Опасности, которые заключает в себе эта теория, не могут проявиться полностью, пока в умах существует породившая ее фундаментальная гипотеза – идея, что люди суть реальность, а общество есть соглашение. Это мнение поддерживает идею о том, что личность есть абсолютная ценность, рядом с которой общество должно восприниматься только как средство. Отсюда и Декларации прав человека – прав, о которые разбивается право самогó суверенитета. Это кажется логически абсурдным, если вспомнить, что данное право абсолютно по определению, но очень хорошо объясняется, если вспомнить, что политическое тело является искусственным, что суверенитет есть престиж, которым оно вооружилось с определенной целью, и что все эти призраки ничто перед реальностью человека. До тех пор пока сохранялась индивидуалистическая и номиналистическая социальная философия, понятие суверенитета не могло, таким образом, нанести вреда, причиной которого оно стало, как только эта философия потеряла свою силу.
Исходя из этого отметим, между прочим, двоякий смысл демократии, которая в социальной индивидуалистической философии понимается как система прав человека, а в политической философии, порывающей с индивидуализмом, – как абсолютизм правительства, ссылающегося на массы.
Реалистическая концепция общества
Мысль не так уж независима, как ей кажется, и философы в гораздо большей степени, чем полагают, обязаны ходячим представлениям и просторечию. Прежде чем метафизика утвердила реальность общества, это последнее должно было сначала принять форму сущности под именем нации.
Это был результат, возможно, наиболее важный, Французской революции. Когда Законодательное собрание втянуло Францию в военную авантюру, на которую монархия никогда бы не рискнула, стало вдруг очевидно, что Власть не располагает средствами, которые ей позволили бы противостоять Европе. Потребовалось призвать к участию в войне почти весь народ – вещь беспрецедентная. Но от чьего имени? От имени скомпрометированного короля? Нет. От имени нации; и так как патриотизм принимал на протяжении тысячи лет форму привязанности к одной личности, естественная склонность чувств заставила нацию принять характер и вид одной личности, черты которой запечатлело народное искусство.

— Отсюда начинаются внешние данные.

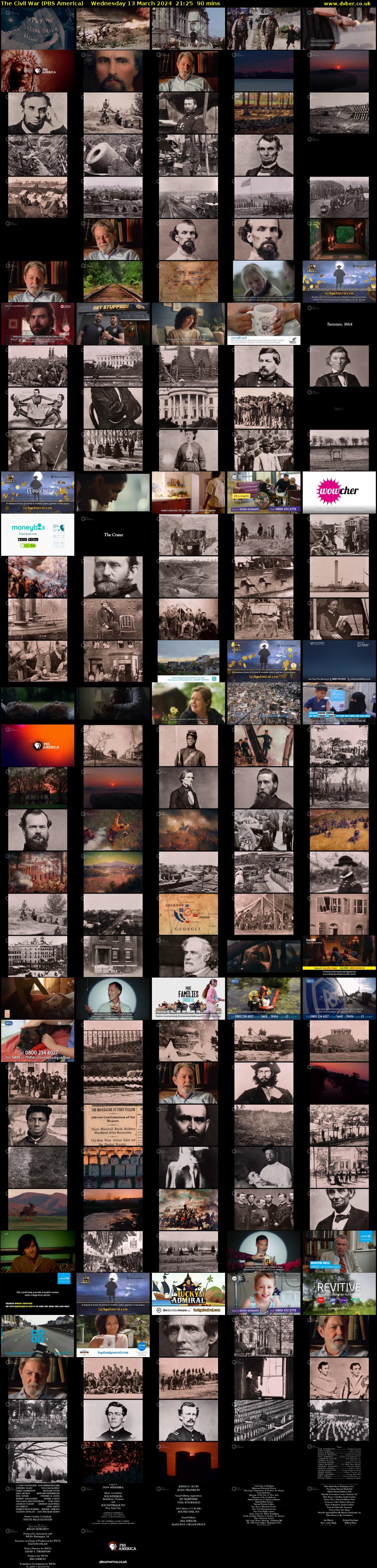 The Civil War (PBS America) Wednesday 13 March 2024 21:25 - 22:55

Не признавать потрясений и психологической перестройки, вызванных Революцией, – значит обрекать себя на непонимание всей последующей европейской истории, включая историю мысли. Когда раньше французы объединялись вокруг короля, как после Мальплаке, это были индивидуумы, которые оказывали поддержку своему любимому и уважаемому вождю. Теперь же они объединяются в нацию, как члены единого целого. Возможно, это понимание единого целого, живущего собственной жизнью, которая превыше жизни частей, существовало, не будучи явным. Но оно неожиданно кристаллизуется.
Трон не был опрокинут, но на трон взошло Целое в образе Нации. Такое же живое, как король, которому оно наследовало, но имеющее перед ним громадное преимущество: ибо король очевидно есть другой по отношению к подданному, и тот, естественно, заботится о сохранении своих прав. Нация же не есть другой: это сам подвластный; и тем не менее она больше, чем он, она есть гипостазированное Мы. И этой революционной морали совсем неважно, что на деле Власть осталась намного более похожей на саму себя, чем это представляли, и весьма отличается от конкретного народа.
Вера – вот что важно. И тогда во Франции утвердилась вера, распространившаяся затем в Европе, что существует такая личность, как Нация, естественный обладатель Власти. Наши армии посеяли эту веру в Европе в гораздо большей степени посредством разочарований, которых они были причиной, чем евангелием, которое они принесли. Те, кто сначала оказали им самый восторженный прием (как Фихте), впоследствии проявили себя как самые горячие проповедники противостоящего им национализма.